Of the lines in the data below, write out exactly those from the one holding "Buddha Stones Summer" through the one holding "Kokopelli Music for", both included.

Saved data entries
────────

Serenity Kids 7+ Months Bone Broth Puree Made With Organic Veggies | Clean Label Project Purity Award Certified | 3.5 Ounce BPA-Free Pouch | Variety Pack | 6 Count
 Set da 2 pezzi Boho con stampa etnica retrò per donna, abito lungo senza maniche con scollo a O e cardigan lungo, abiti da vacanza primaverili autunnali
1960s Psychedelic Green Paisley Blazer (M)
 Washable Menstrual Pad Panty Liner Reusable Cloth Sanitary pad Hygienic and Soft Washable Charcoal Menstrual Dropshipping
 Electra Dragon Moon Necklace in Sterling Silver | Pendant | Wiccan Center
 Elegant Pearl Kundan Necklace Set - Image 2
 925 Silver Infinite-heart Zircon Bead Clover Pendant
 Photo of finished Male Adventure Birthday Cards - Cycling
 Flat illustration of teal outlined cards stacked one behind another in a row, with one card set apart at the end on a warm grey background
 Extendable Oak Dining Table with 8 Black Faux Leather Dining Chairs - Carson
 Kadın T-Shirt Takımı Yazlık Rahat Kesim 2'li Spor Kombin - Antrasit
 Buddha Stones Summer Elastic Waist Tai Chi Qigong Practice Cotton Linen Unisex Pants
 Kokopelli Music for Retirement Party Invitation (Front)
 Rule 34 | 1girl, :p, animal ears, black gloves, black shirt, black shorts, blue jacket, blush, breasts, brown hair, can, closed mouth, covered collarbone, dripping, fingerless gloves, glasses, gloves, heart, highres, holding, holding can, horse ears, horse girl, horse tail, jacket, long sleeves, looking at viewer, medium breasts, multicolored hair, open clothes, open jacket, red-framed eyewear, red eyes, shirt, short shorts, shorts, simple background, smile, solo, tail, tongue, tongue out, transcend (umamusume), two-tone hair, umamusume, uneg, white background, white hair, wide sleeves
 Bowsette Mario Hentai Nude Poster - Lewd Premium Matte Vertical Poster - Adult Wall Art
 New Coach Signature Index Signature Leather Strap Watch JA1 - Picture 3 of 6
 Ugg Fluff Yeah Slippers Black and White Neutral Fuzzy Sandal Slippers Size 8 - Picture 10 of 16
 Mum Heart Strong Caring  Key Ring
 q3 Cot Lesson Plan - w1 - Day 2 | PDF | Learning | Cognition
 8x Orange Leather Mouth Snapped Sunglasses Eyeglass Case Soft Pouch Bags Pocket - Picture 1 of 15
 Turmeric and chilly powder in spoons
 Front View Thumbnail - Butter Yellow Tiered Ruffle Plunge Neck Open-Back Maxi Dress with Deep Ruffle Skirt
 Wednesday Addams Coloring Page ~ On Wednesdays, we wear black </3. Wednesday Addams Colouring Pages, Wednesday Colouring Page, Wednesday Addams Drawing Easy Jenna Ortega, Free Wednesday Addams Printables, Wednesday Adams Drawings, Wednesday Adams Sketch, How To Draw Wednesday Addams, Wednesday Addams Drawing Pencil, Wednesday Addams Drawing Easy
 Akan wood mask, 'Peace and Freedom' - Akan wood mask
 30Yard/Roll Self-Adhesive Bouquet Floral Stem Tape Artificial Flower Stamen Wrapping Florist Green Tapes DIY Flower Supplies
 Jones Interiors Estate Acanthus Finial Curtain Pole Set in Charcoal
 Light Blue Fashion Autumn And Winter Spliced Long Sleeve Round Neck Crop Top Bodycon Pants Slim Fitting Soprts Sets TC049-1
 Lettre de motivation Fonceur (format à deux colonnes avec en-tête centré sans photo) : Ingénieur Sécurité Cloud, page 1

────────

[Problem solution]
 Buddha Stones Summer Elastic Waist Tai Chi Qigong Practice Cotton Linen Unisex Pants
 Kokopelli Music for Retirement Party Invitation (Front)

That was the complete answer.